В Re-Russia Сэм Грин, директор Института России при King's College London, описывает, как развивался контроль над медиа в России и Белоруссии:
«...более "мягкие" стратегии кооптации в отношении СМИ эффективнее, чем более жесткие, принудительные методы контроля. Применяемые до недавних пор в России рычаги экономического и политического давления подталкивали владельцев российских СМИ к сотрудничеству с Кремлем, в результате чего возникла система, при которой даже те россияне, которые предпочитают независимые СМИ, имеют широкий контакт с кремлевским контентом. Более того, как показывает кейс "Ведомостей", "мягкие" репрессии в адрес несговорчивых СМИ позволяют Кремлю сохранить внимание большой доли аудитории репрессируемого СМИ.
Напротив, более жесткая рука минских властей привела к созданию крайне поляризованной медиасистемы, в которой оппозиционные СМИ вопреки масштабным репрессиям привлекают бóльшую аудиторию, нежели государственные СМИ, а потребители независимых СМИ в незначительной степени контактируют с государственным контентом. Попытки задушить независимые СМИ делают оппозиционную белорусскую аудиторию еще более недосягаемой для государства.

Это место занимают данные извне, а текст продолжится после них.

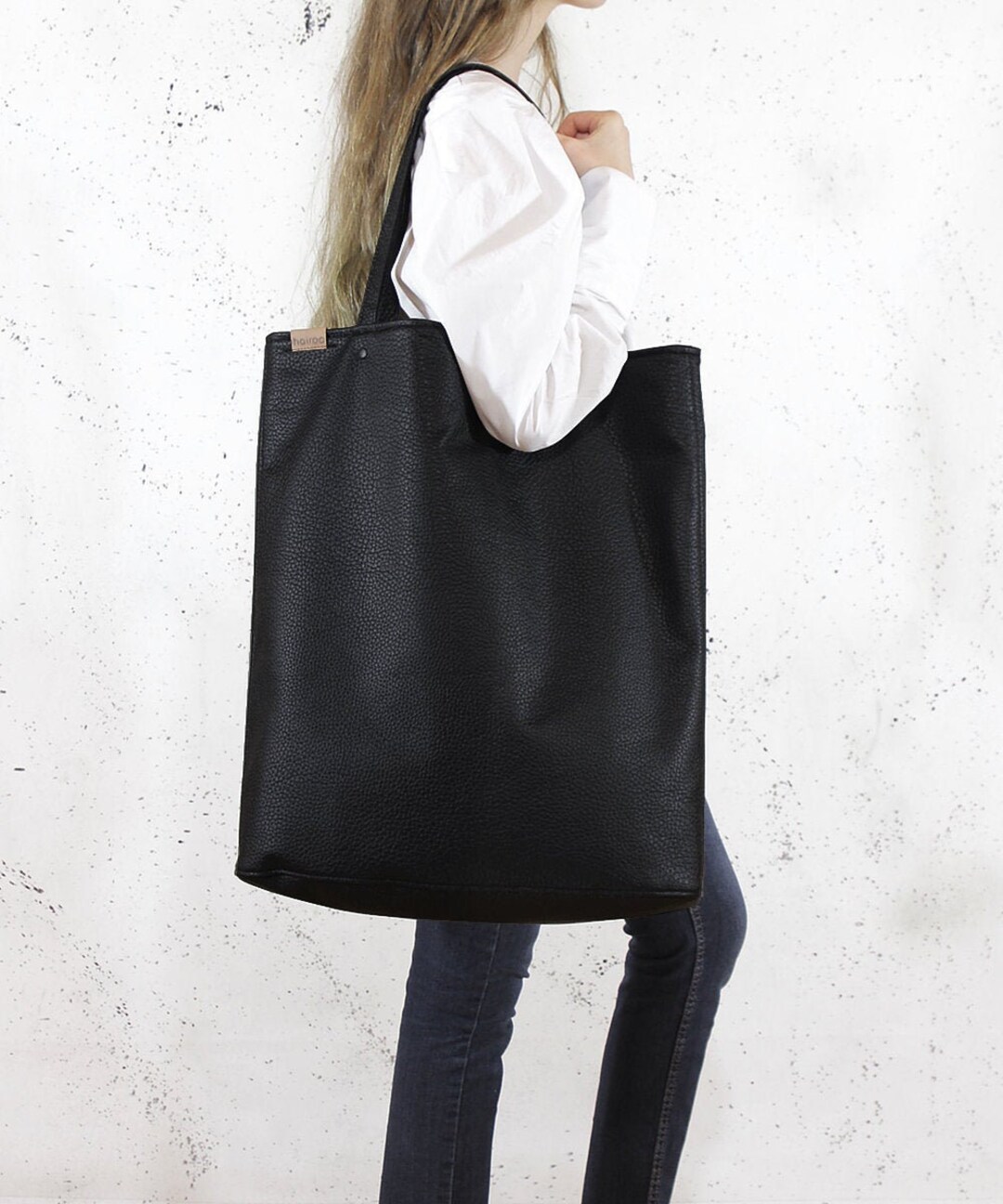 Large Handbag Black Tote Bag College Student Gift - Etsy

Доминирующий в до[спецоперационной] России подход к контролю над СМИ позволял многим медиа и, может быть, большинству медиапотребителей существовать в некой серой зоне. В этой зоне нельзя было полностью исключить проникновение оппозиционного контента, но в то же время очень мало кто в ней даже среди оппозиционно настроенных граждан мог остаться в стороне от государственного контента. Наблюдаемый сейчас в России поворот к жесткому контролю создает опасность разрушения этой серой зоны. В результате потребители независимых СМИ могут выталкиваться в информационное пространство за пределами досягаемости Кремля — в то время как аудитория государственного телевидения продолжает сокращаться. По мере роста оппозиционной аудитории Путин, как и Лукашенко, столкнется с большими трудностями в попытках отвоевать ее обратно.
Подобная постановка вопроса, однако, предполагает, что у Кремля был выбор. И здесь следует заметить, что выбор в пользу принуждения в 2021 году и, после начала [спецоперации], в 2022 году, безусловно, был осознанным — даже если не до конца были осознаны его возможные последствия».